Note that I call this woman “my flying instructor”, the vast majority of my flight training was done with one instructor. This is important, particularly if you find an instructor who you work well with.
I agree. Alaska sounds like the place closest to you (I’ve been assuming you’re American) where you could do something a bit different. To get the unusual jobs, you need to do something a bit unusual yourself. Make yourself standout from the rest. Everyone has a CPL, an instructor rating, and a multi-instrument rating, but not everyone has tail-wheel, aerobatic, float-plane, mountain flying, bush flying, or gliding experience. Doing something unusual in your training will open up employment opportunities that are not available to others. Once you’ve gained some experience flying hunters into the bush in Alaska you can go back and join the multitudes trying to get an airline job, but you will have had a general aviation experience that will stay with you forever.

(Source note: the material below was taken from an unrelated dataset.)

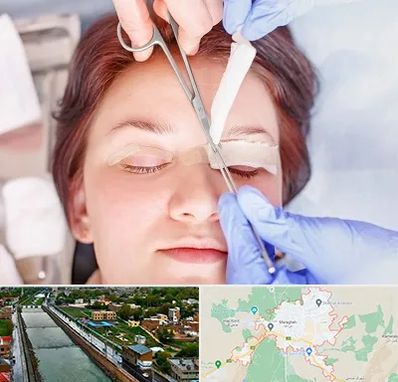 جراحی پلک افتاده در مراغه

I don’t want to fly for an airline. I’d just like to teach helicopters someday. (Ideally, in my own. Owners of flight schools at least have the potential to make money. Hired instructors don’t.) Six years into a 30-year mortgage. Three years left on the car loan. Aiyiyiyiyi… I can’t tell you how much I miss flying. There’s nothing like engaging the clutch and watching the rotors start to turn, or making a run over a mesa and going over the edge. Or autorotations. I love autorotations. And quick-stops.
When I was about about 20, I worked with a guy as a waiter who had just received his private pilot’s license. He had big dreams, and would talk about flying all the time. And then the boss would interject with a “Yea, that’s great. Go bus table six.”
Anyway, I bumped into him about 10 years later and wouldn’t you know it, he was flying 747s out of Hong Kong for Cathay Pacific. He wasn’t bullshitting me, he was known in our circle of friends and his success was common knowledge.
So, in reading about the long and arduous journey one takes to fly big planes for major airlines I now wonder how the hell he did it so quickly. How did he pull this off?
10 years is not quickly. Also when joining a big airline you normally go straight on to the larger aircraft such as the B747, but it’s as a junior crew member. So, sure, he’s been successful but it sounds like an average career progression for someone who makes it that far. And he’s been prepared to fly for an overseas airline rather than sticking to the US ones.
The airline industry is boom and bust. Any particular carrier may be desperate for anyone with the licenses, or they may not have hired anyone for 5 years and probably won’t for the next 5 years.
The carrier I was working for got so desparate for pilots in the mid 60s that they were hiring people who did not have pilot’s licenses at all. All they had to do was go get a Commercial license and they were in.
The same company did not hire a single pilot between 1968 and 1978. Ten years. Zero hires. This was the Apollo era and the joke was they really *were *hiring, but one of the requirements was 2 lunar landings. So they never found a qualified candidate.
Yeah, I’m from the U.S., Ohio to be precise. That’s pretty far from Alaska, but working there may be something to consider someday.
Mrs. Cake, I’m going to look into helicopter flying as well. Luckily, there’s an airport about an hour from me that offers both fixed wing and rotor training. If I enjoy it, and if that $30k figure is accurate, I’ll definitely consider that as a career.
What about becoming a bush pilot in Alaska? My late grandfather was a medical doctor who’d had his ppl since at least the fifties. He’d told me that it was one of the most dangerous jobs in the industry, as every once and a while they’d end up flying straight into a mountainside.
What’s the straight dope on this kind of career? How well does it pay to haul freight to those far out towns and shuttle hunters and residents?